AIM OF THE TASK: Could you repeat the records below exactly, leaving the pictures out?

TASK MATERIAL START

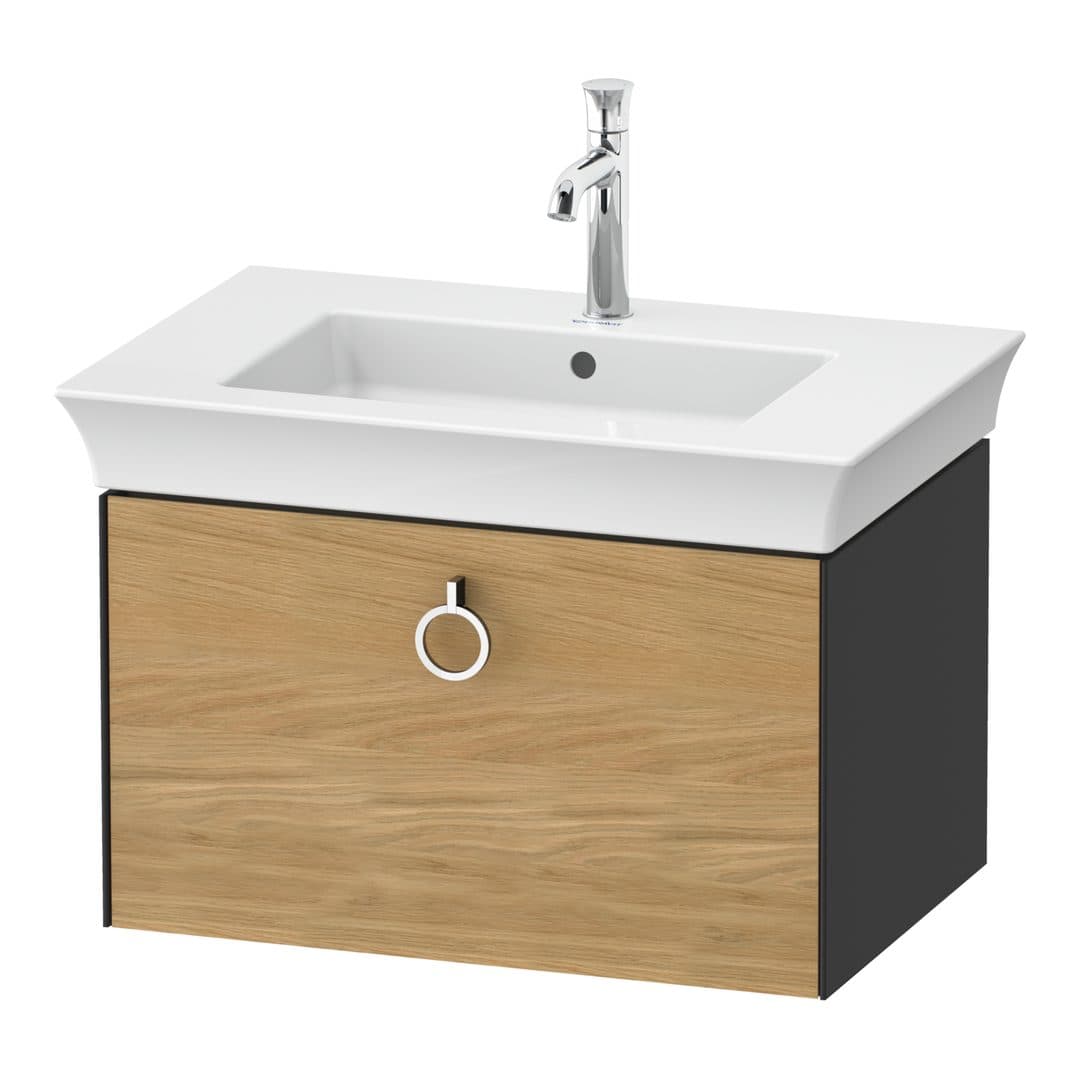 Duravit White Tulip – Έπιπλο Νιπτήρα – 684 mm, 1 συρτάρι, νιπτήρας κέντρο, σώμα Graphite High Gloss, Chrome High Gloss – Natural Oak solid Matt, Solid wood (WT42510H5H1)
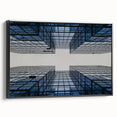 Black and white framed canvas featuring a vintage poster art style skyscraper design, suitable for bedroom wall decor.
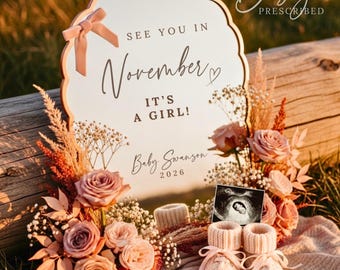 November Baby Girl Pregnancy Announcement, Fall Baby Due November, Social Media Gender Reveal Template, Editable Canva Digital Download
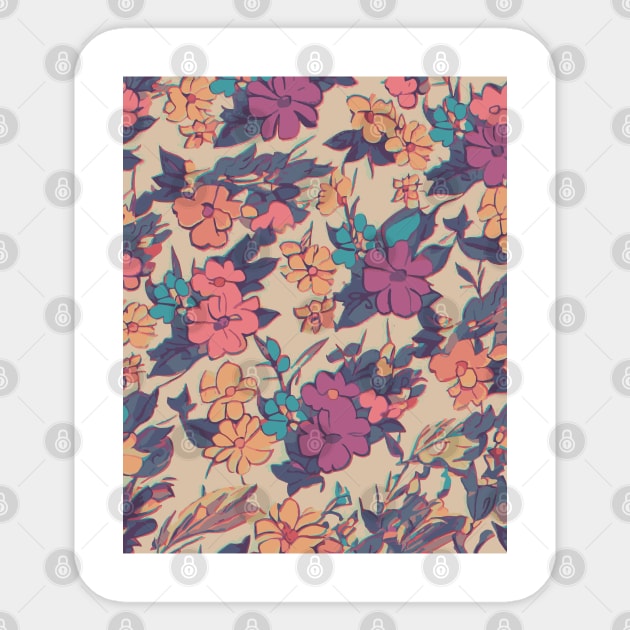 Floral Pattern 90' lofi: Lofi Floral Delight Sticker by FLRW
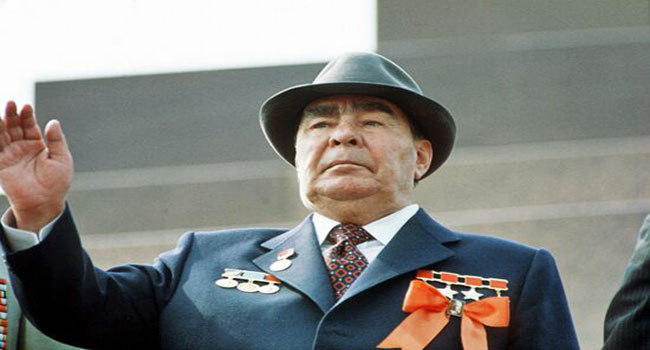 313216 01.05.1980 Leonid Brezhnev, general secretary of the CPSU Central Committee, chairman of the USSR Supreme Council's presidium, at the Lenin Mausoleum during a festive demonstration on Moscow's Red Square.
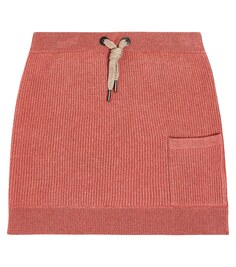 Кашемировая юбка в рубчик Brunello Cucinelli, красный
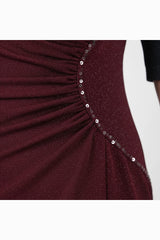 Bordeaux Midi - Jurk Met Taille - Detail (Grote Maten)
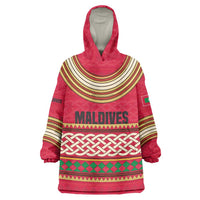 Maldives Tribal Heritage Red Wearable Blanket Hoodie with Cultural Geometric Pattern and Island Flag Print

TASK MATERIAL END

REPLY TO THE TASK:
 Duravit White Tulip – Έπιπλο Νιπτήρα – 684 mm, 1 συρτάρι, νιπτήρας κέντρο, σώμα Graphite High Gloss, Chrome High Gloss – Natural Oak solid Matt, Solid wood (WT42510H5H1)
 Black and white framed canvas featuring a vintage poster art style skyscraper design, suitable for bedroom wall decor.
 November Baby Girl Pregnancy Announcement, Fall Baby Due November, Social Media Gender Reveal Template, Editable Canva Digital Download
 Floral Pattern 90' lofi: Lofi Floral Delight Sticker by FLRW
 313216 01.05.1980 Leonid Brezhnev, general secretary of the CPSU Central Committee, chairman of the USSR Supreme Council's presidium, at the Lenin Mausoleum during a festive demonstration on Moscow's Red Square.
 Кашемировая юбка в рубчик Brunello Cucinelli, красный
 Bordeaux Midi - Jurk Met Taille - Detail (Grote Maten)
 Maldives Tribal Heritage Red Wearable Blanket Hoodie with Cultural Geometric Pattern and Island Flag Print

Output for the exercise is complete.